A Kubernetes-native collector for monitoring noisy neighbor issues, currently focusing on memory subsystem interference between pods. This project is under active development and we welcome contributors to help build this critical observability component.
The Noisy Neighbor Collector helps SREs identify and quantify performance degradation caused by memory subsystem interference ("noisy neighbors").
This data helps operators:
- Quantify the performance impact of noisy neighbors
- Determine which pods are causing interference and which are affected
- Mitigate interference by isolating high-noise deployments and working with their owners to optimize them
Memory noisy neighbors directly impact application latency, especially at the tail (P95/P99). For example, Google published 5x-14x increases in P95/P99 latency due to memory subsystem interference.
Collecting noisy neighbor metrics and reducing tail latency delivers two key benefits:
-
Better response times for users, improving customer experience and key business metrics. Latency has a direct impact on revenue.
-
More efficient infrastructure through reduced autoscaling. Many scaling decisions are based on P95/P99 metrics. By reducing spikes caused by noisy neighbors, you can run at higher utilization without breaching latency SLOs.

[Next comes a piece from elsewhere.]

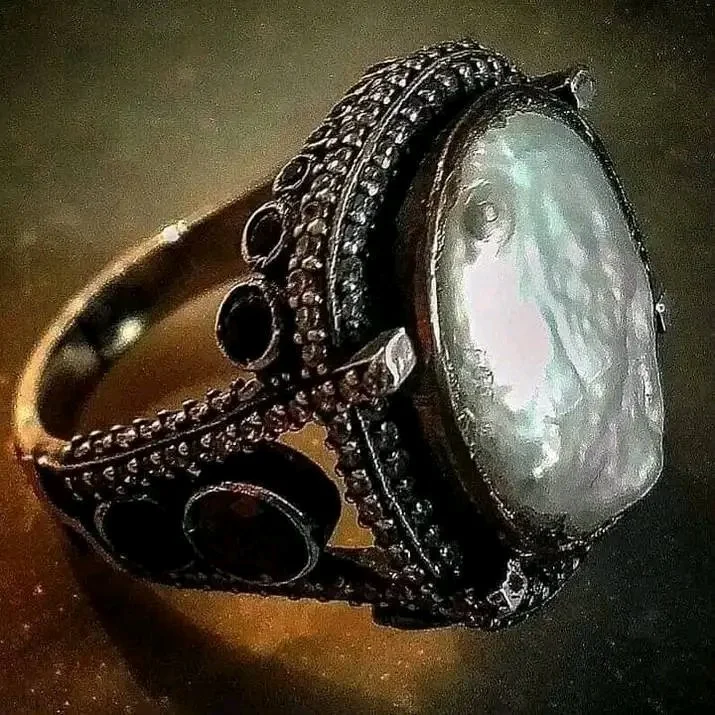 A vintage silver ring with an oval-shaped white gemstone and black decorative details.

Common sources of interference include:
- Garbage collection
- Large transactions (e.g. scanning many database records)
- Analytics workloads
The collector is designed with security in mind and has a limited scope of data collection:
Only collects CPU profiling data and process metadata:
- Performance counters: cycles, instructions, LLC cache misses
- Process metadata: process name, process ID (pid), cgroup/container ID
Does not access process internals or user data:
- No application-level data is accessed or collected
You can review our data schema and sample data files to see exactly what is collected. These resources demonstrate the limited scope of the collected data.
- Kernel version: Minimum 6.7 (required for timer functionality to pin timers to cores)

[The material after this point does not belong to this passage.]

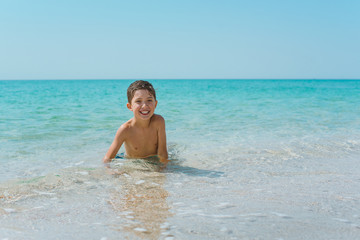 Fototapeta na wymiar A cheerful kid on the beach lies in the clear sea water.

- Hardware: Any x86_64 server with perf counter support
- Resource utilization:
- Memory: ~300MB per node
- CPU: ~1% for eBPF, ~1% userspace
- Storage: ~100MB/hour of collected data (varies with node size; there is a quota configuration option to limit the amount of data collected)

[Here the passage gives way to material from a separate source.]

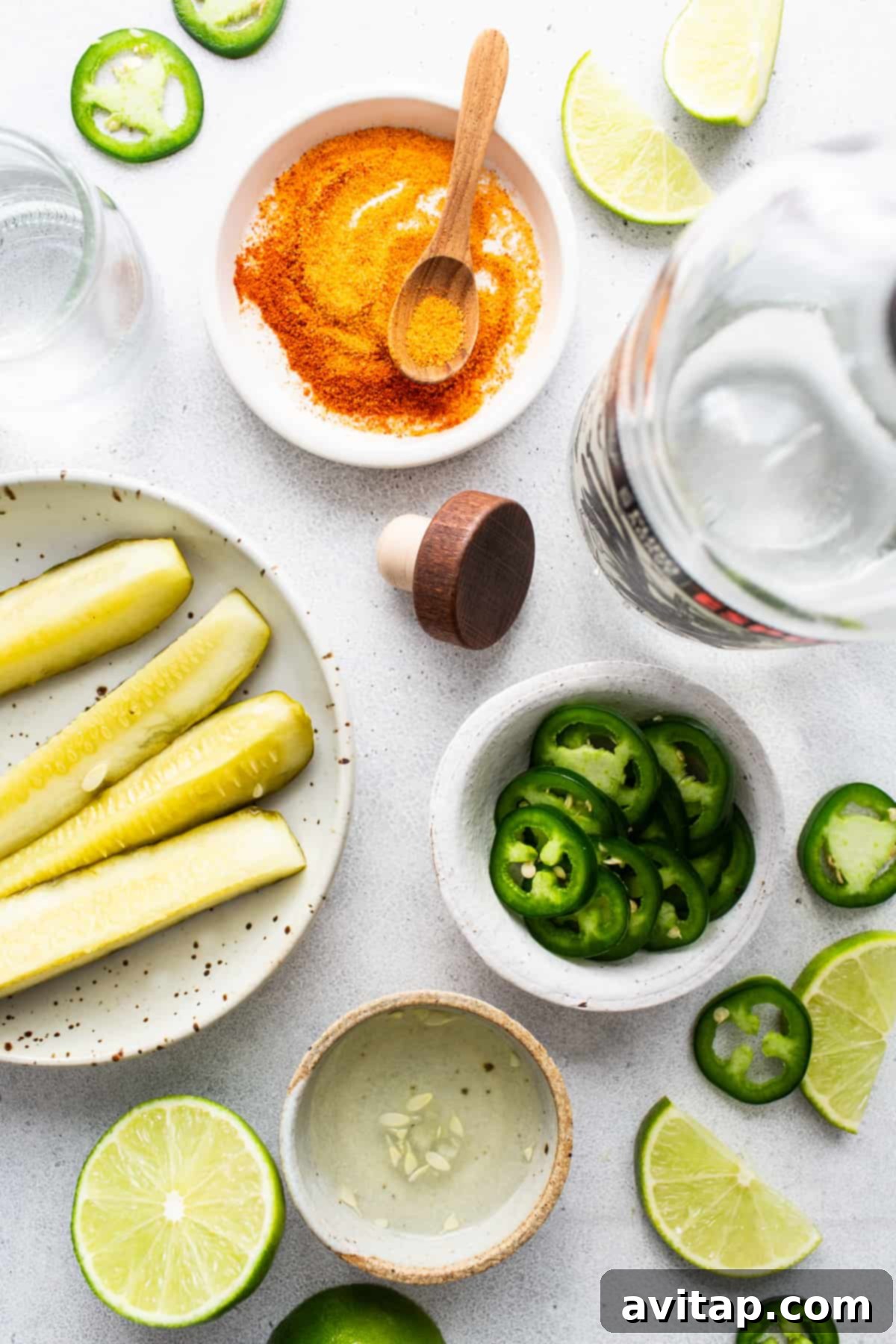 A plate with cucumbers, limes and a bottle of tequila.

See the benchmark results for more details.
The easiest way to install the collector is using our Helm chart:
helm repo add unvariance https://unvariance.github.io/collector/charts
helm repo update
helm install collector unvariance/collector \
--set storage.type="s3" \
--set storage.prefix="memory-collector-metrics-" \
--set storage.s3.bucket="your-bucket-name" \
--set storage.s3.region="us-west-2" \
--set storage.s3.auth.method="iam" \
--set serviceAccount.annotations."eks\.amazonaws\.com/role-arn"="arn:aws:iam::123456789012:role/S3Access" \
--set collector.storageQuota="1000000000"
This example shows how to configure the collector with S3 storage using IAM roles for authentication, with a 1GB quota.
For complete configuration options, see the Helm chart documentation.
See the GitHub Actions workflow for detailed build steps.
We're actively working on:
Container Metadata (PR #153
- Capturing container and pod metadata for processes
- Exploring Node Resource Interface (NRI) for metadata access
Noisy Neighbor Detection
- Identifying noisy neighbors from raw 1ms measurements
- Aggregating metrics over longer intervals to determine:
- Which pods are noisy vs. sensitive
- % time each pod is noisy or impacted by noise
- Quantifying cycles wasted due to noise exposure
We welcome contributions! Here's how you can help:
- Code: Check our good first issues and documentation
- Use Cases: Share interference scenarios, test in your environment
- Discussion: Open GitHub issues or reach out - @Jonathan Perry on CNCF Slack
- Schedule a Chat: https://yonch.com/collector
- KubeCon Europe 2025: The Missing Metrics (video) (slides)
- KubeCon NA 2024: Love thy (noisy) neighbor (video) (slides) (notes)
The collector was benchmarked using the OpenTelemetry Demo application.
See the benchmark results for more details.
This project builds on research and technologies from:
- Google's CPI² system
- Meta's Resource Control
- Alibaba Cloud's Alita
- MIT's Caladan
Code is licensed under Apache-2.0. Documentation is licensed under CC BY 4.0.